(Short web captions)
──────────

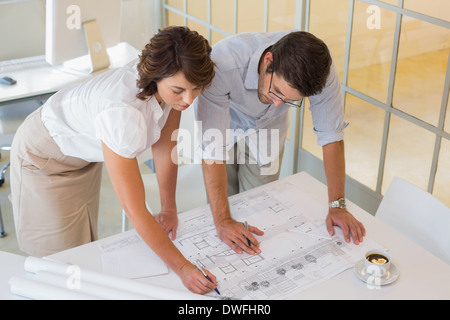 Business people working on blueprints at office Stock Photo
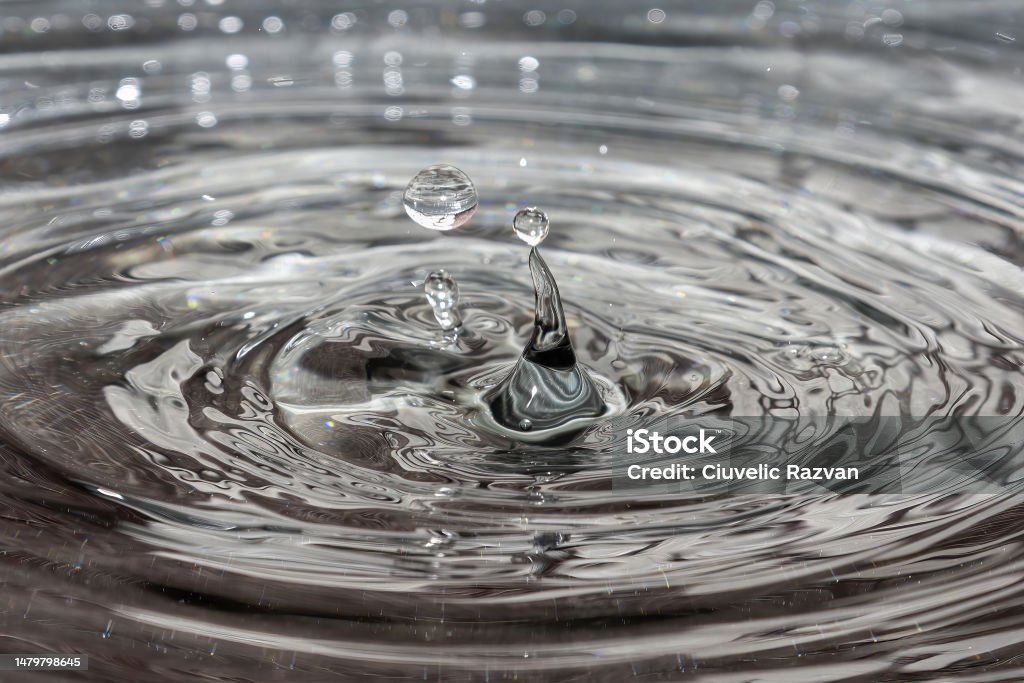 Drops of water falling into a tray Rain Stock Photo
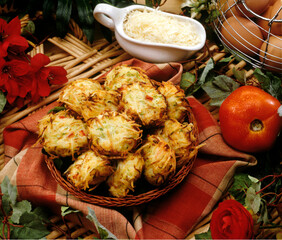 Broccoli vegetables cakes dish on rustic farm background.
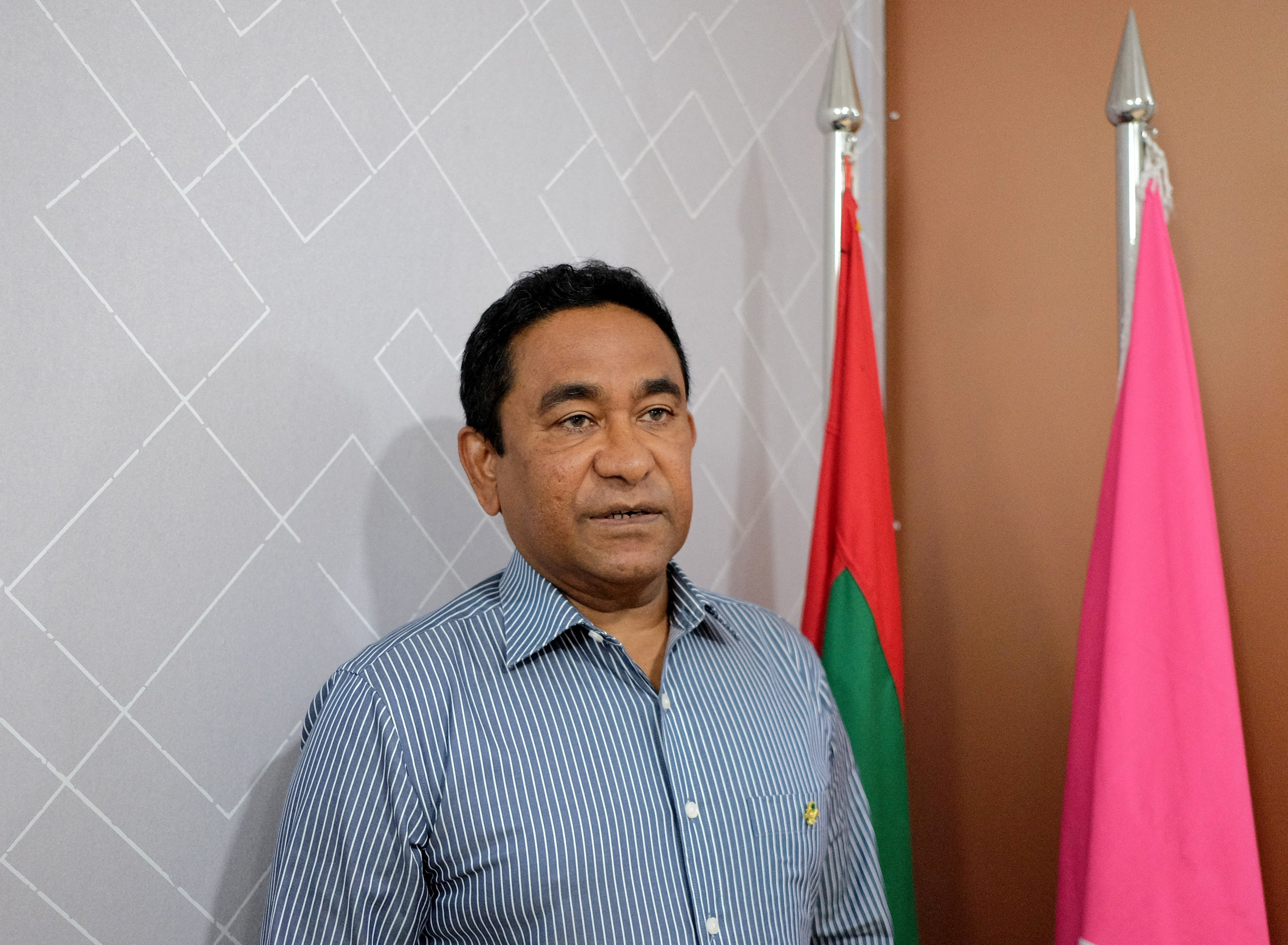 Abdulla Yameen poses for a photo at his party office in Male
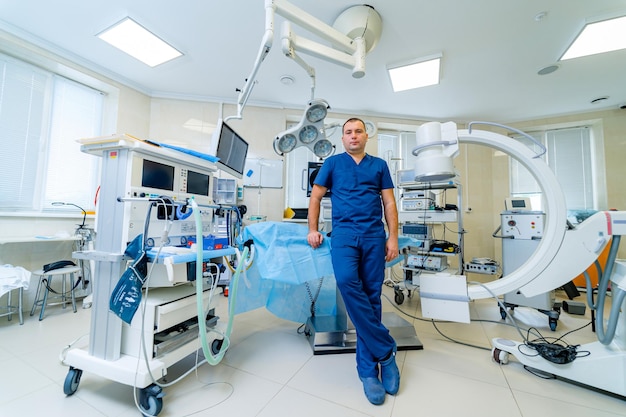 Surgeon is posing in an operating room Hospital background Male doctor at work looking at camera Medical issues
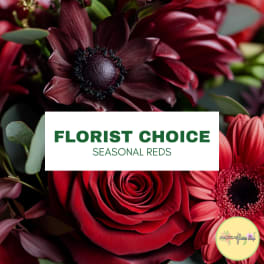 Red roses and dark burgundy flowers with a florist choice label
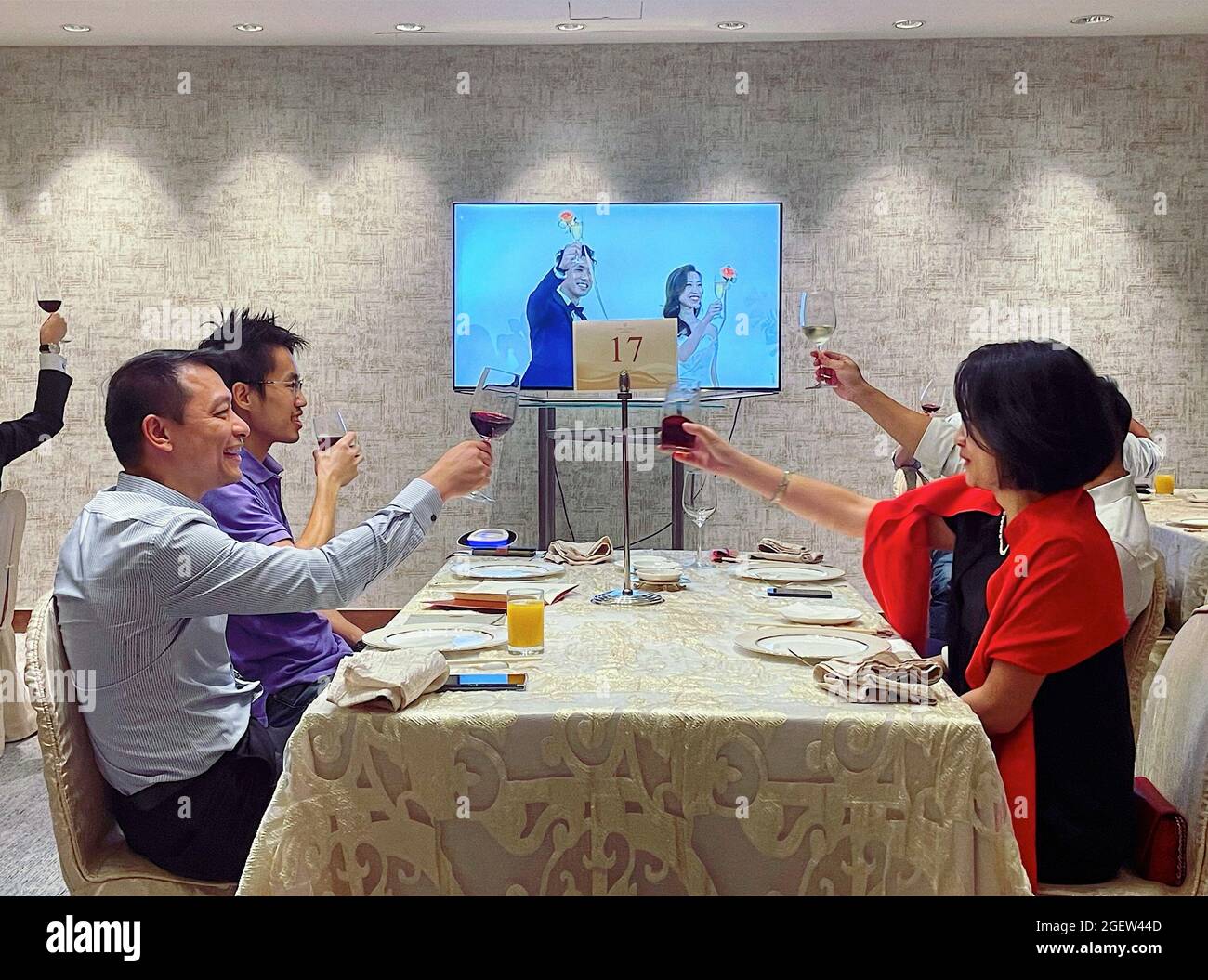 Hongkong, China. August 2021. Die Gäste werden nach der Hochzeit über einen Live-Bildschirm mit dem Brautpaar toasting gesehen.die sozialen Distanzierungsmaßnahmen in Hongkong haben die Art und Weise verändert, während einer Hochzeit zu feiern. Hochzeitszeremonien sind nur für bis zu 50 Teilnehmer erlaubt, wobei maximal 4 Personen an jedem Tisch Platz finden. Viele Paare entscheiden sich dafür, ihre Hochzeit online zu haben, um mehr Familien und Freunde einzubeziehen. Kredit: SOPA Images Limited/Alamy Live Nachrichten Stockfoto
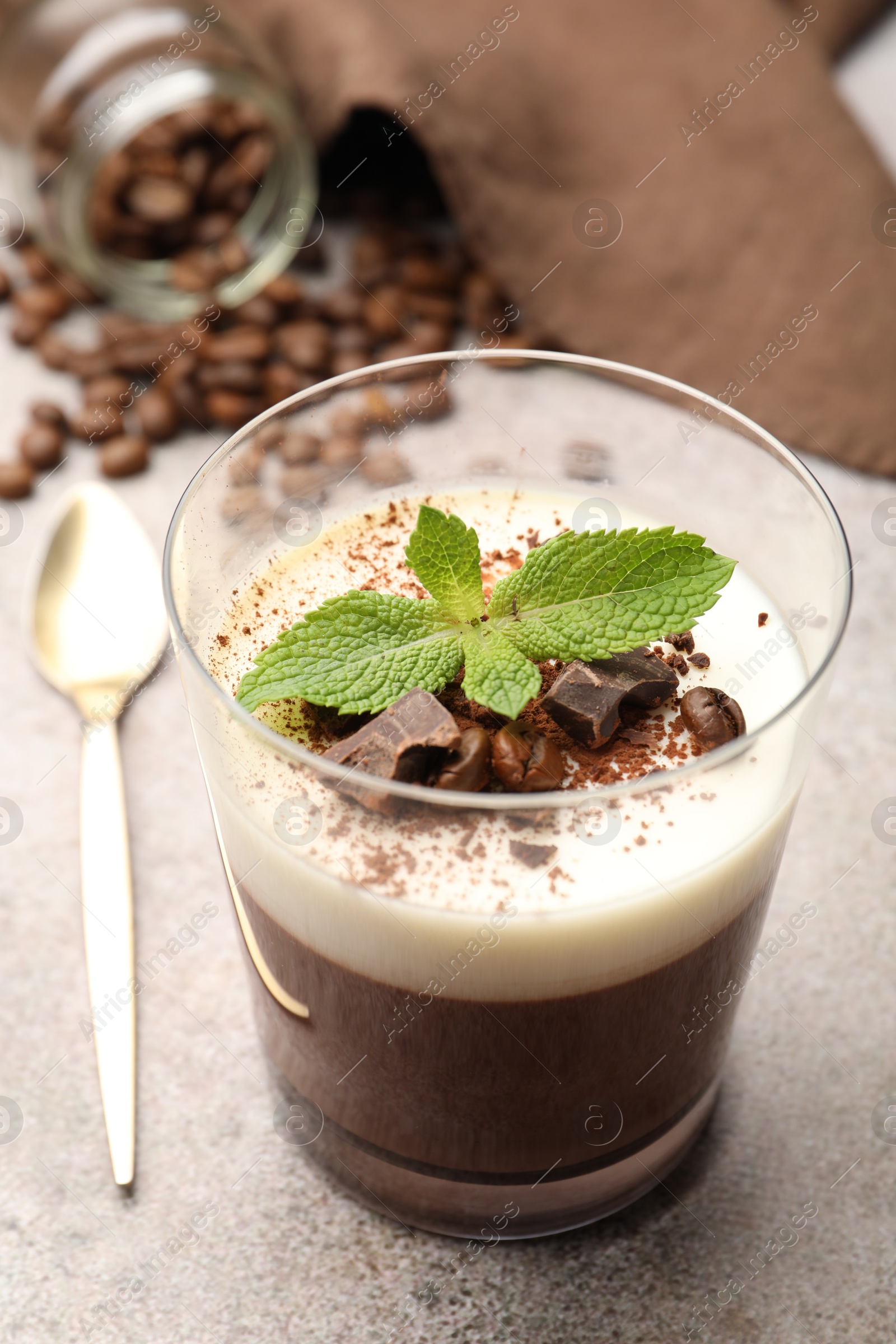 Delicious coffee panna cotta, beans and mint on grey table, closeup Photo of Delicious coffee panna cotta, beans and mint on grey table, closeup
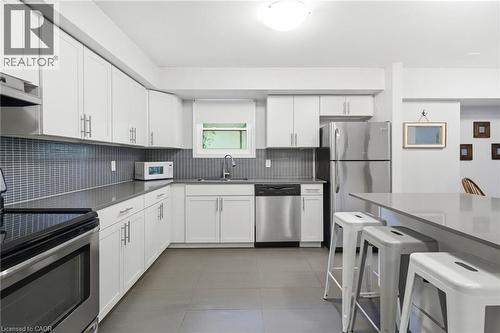 Kitchen featuring white cabinetry, stainless steel appliances, dark countertops, a gray tile backsplash, and a breakfast bar - 509 Quiet Place Unit# 1, Waterloo, ON - Indoor Photo Showing Kitchen With Double Sink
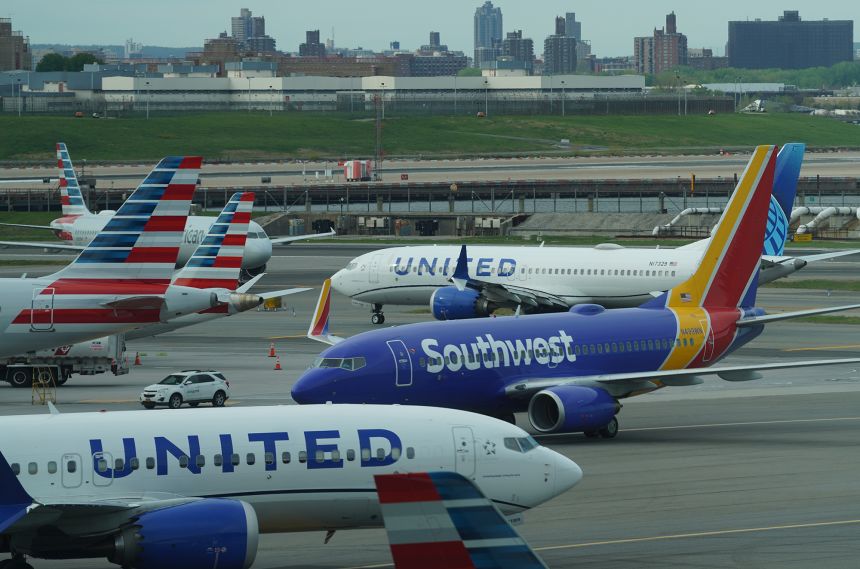 Planes of United Airlines, Southwest Airlines and American Airlines are seen at LaGuardia Airport in New York on April 23, 2026.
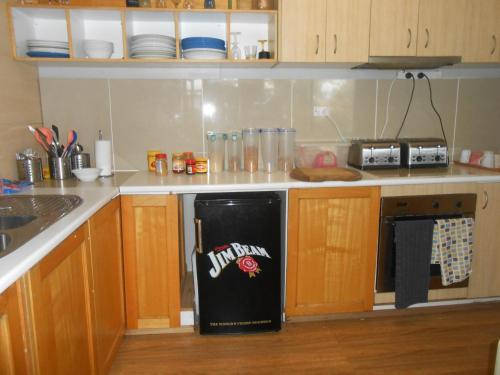 a kitchen with a black bag on the oven at Mount View Motel in Bulahdelah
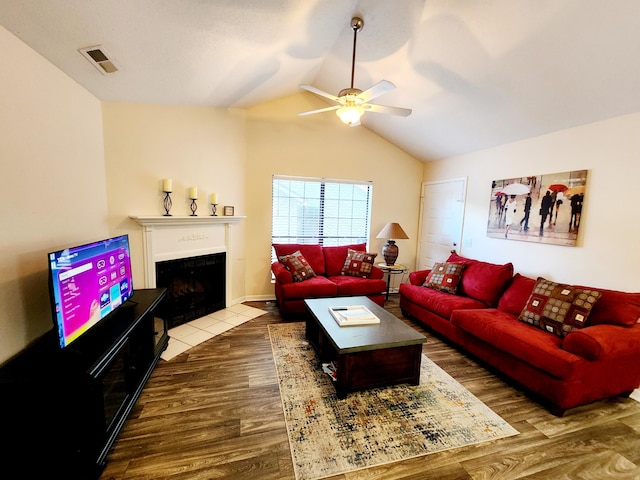 2186 Spoleto Ln, North Charleston, SC 29406 - living area featuring wood finished floors, ceiling fan, a fireplace with flush hearth, and vaulted ceiling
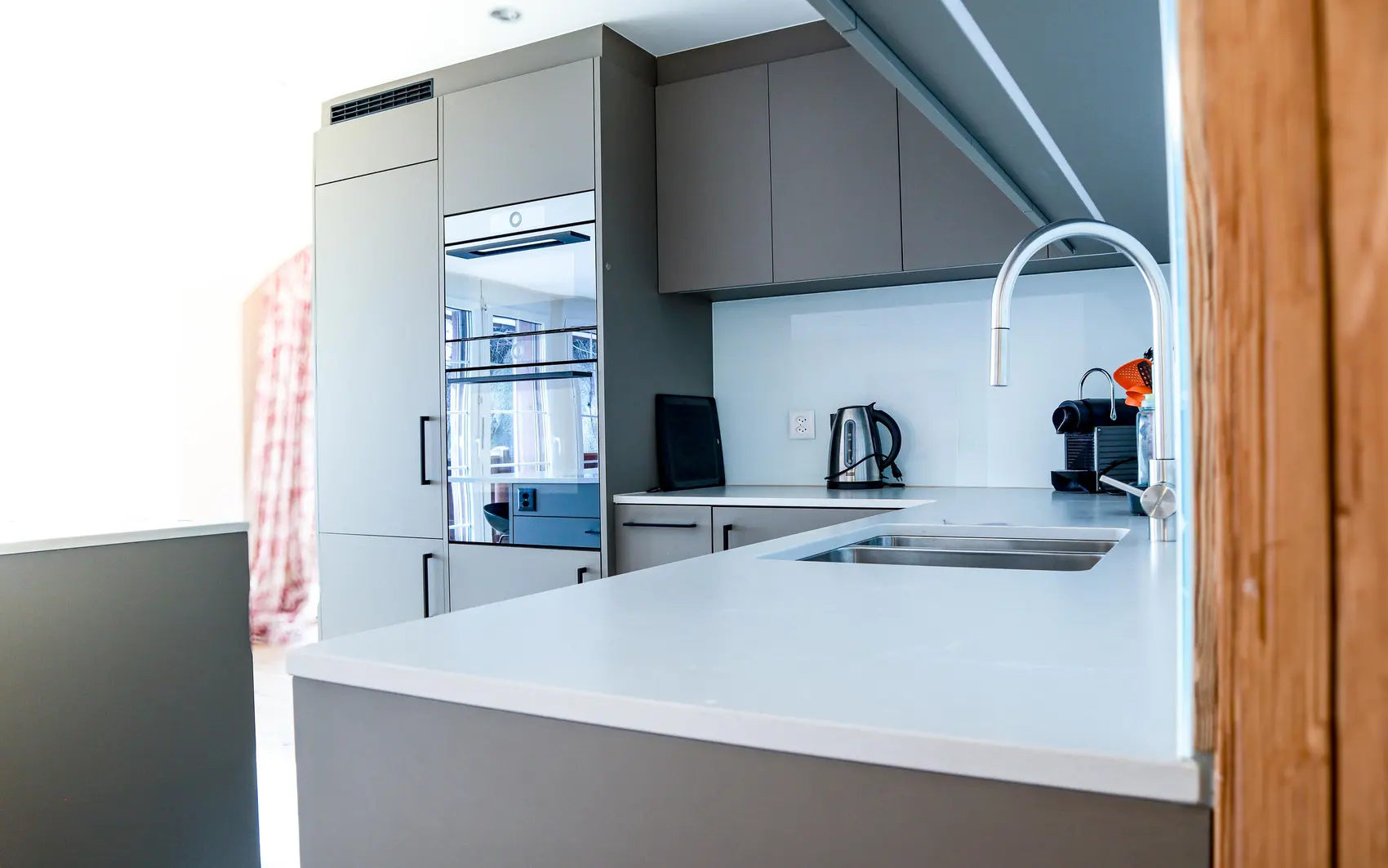 Küche mit matten, hellgrauen Fronten und schwarzen Griffen.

──────────

- **Try it**: Only the lines from the one containing "Red roses and" through the final line of the data should be given again, exactly and without pictures.

- **Response box**:
 Red roses and dark burgundy flowers with a florist choice label
 Hongkong, China. August 2021. Die Gäste werden nach der Hochzeit über einen Live-Bildschirm mit dem Brautpaar toasting gesehen.die sozialen Distanzierungsmaßnahmen in Hongkong haben die Art und Weise verändert, während einer Hochzeit zu feiern. Hochzeitszeremonien sind nur für bis zu 50 Teilnehmer erlaubt, wobei maximal 4 Personen an jedem Tisch Platz finden. Viele Paare entscheiden sich dafür, ihre Hochzeit online zu haben, um mehr Familien und Freunde einzubeziehen. Kredit: SOPA Images Limited/Alamy Live Nachrichten Stockfoto
 Delicious coffee panna cotta, beans and mint on grey table, closeup Photo of Delicious coffee panna cotta, beans and mint on grey table, closeup
 Kitchen featuring white cabinetry, stainless steel appliances, dark countertops, a gray tile backsplash, and a breakfast bar - 509 Quiet Place Unit# 1, Waterloo, ON - Indoor Photo Showing Kitchen With Double Sink
 Planes of United Airlines, Southwest Airlines and American Airlines are seen at LaGuardia Airport in New York on April 23, 2026.
 a kitchen with a black bag on the oven at Mount View Motel in Bulahdelah
 2186 Spoleto Ln, North Charleston, SC 29406 - living area featuring wood finished floors, ceiling fan, a fireplace with flush hearth, and vaulted ceiling
 Küche mit matten, hellgrauen Fronten und schwarzen Griffen.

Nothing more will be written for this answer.